Stopping what the Obama Democrats are doing with illegal immigrants starts with the recognition that blusterbuss solutions like deporting them all make for good TV sound bites but are simply impractical: the country has neither the will nor the means to dump an estimated 12 to 14 million illegals across the Mexican border and then keep them from coming back.

Knowing what to do instead starts with understanding the problem -- here's Bobby Jindal tiptoeing through the minefield of right-wing sensibility to explain it during a recent Breitbart interview:

"One of the things that America is so proud of is, and rightfully so, we have been this melting pot for so long. The Left doesn't want that anymore. They want to call us a salad bowl. They think it is culturally arrogant, or xenophobic, to insist that people that want to come to America to assimilate, and that's nonsense," said Jindal. "The reality is, we don't make anybody come here. Millions of people all over the world want to come here, and folks that don't want to be Americans shouldn't come. And the reality is, they shouldn't come and use our freedoms to undermine freedoms for other people.

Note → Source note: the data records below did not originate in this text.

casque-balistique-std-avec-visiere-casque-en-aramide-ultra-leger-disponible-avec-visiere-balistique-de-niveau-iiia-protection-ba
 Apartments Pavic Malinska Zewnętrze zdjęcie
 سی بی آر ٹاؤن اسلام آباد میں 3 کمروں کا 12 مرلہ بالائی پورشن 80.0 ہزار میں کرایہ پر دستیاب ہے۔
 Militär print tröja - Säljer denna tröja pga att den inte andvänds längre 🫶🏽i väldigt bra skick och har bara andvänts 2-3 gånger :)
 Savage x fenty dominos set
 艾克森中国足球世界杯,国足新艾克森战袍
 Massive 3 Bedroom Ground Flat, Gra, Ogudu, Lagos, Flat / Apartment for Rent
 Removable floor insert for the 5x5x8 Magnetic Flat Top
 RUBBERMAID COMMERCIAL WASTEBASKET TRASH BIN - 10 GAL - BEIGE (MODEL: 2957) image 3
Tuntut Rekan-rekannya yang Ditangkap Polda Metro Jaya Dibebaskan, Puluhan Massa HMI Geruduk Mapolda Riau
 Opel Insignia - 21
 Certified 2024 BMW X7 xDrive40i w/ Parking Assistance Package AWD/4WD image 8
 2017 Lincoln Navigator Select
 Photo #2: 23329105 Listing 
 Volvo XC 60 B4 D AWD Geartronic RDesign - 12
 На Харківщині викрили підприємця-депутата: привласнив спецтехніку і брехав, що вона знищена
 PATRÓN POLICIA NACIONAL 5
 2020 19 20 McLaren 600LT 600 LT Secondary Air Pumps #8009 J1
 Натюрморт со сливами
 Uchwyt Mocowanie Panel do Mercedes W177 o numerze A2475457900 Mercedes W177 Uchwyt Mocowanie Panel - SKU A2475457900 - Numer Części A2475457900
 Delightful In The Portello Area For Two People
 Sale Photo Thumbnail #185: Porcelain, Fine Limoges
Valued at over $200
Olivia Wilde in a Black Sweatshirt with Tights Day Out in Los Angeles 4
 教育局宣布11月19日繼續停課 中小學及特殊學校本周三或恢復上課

"Let's be really honest about this: Immigration without assimilation is not immigration; it's an invasion," he said. "When you look at what's happening in Europe, you've got second and third generation immigrants that don't consider themselves parts of those societies, those cultures, those values. We mustn't let that happen here."

He's right: immigration without assimilation is invasion -- the Muslim, Mexican, Somalian, and now Syrian immigrant ghettos Obama is setting up around the country aren't chock full of people wanting to become Americans, they're the social equivalent of cancer cells introduced into the body politic to destroy it.

So how does the GOP grab hold of this tar baby, fix the problem, and come out wearing a shiny clean halo? Here's an idea: do for real what the democrats promise to do, but have no intention of doing: re-establish the rule of law; deport the invaders; and help those who want to be immigrants be immigrants.

Imagine that the GOP majorities in the House and Senate force through a bill doing all of the following:

  1. It unequivocally requires the executive branch to make immigration law enforcement, including border closures through whatever means necessary, a priority for every federally controlled or funded agency in the country.
  2. It expresses the sense of the house that the 14th Amendment does not mean that anyone born in the United States is automatically a citizen of the United States; requires the judiciary to act as if this position is correct; and requires the House Judiciary Committee to begin the constitutional process to clarify the 14th Amendment accordingly.
  3. It creates and empowers a short term national immigration commission reporting frequently to Congress whose job is to distinguish immigrants from invaders -- quickly and efficiently deporting the latter while providing a clean path to legal status and eventual citizenship for immigrants and their direct dependents.
  4. It provides for a process, including a mandatory judicial review of the prior deportation order, through which deportees who believe themselves treated unfairly can reapply for immigration through the American embassy in their home country.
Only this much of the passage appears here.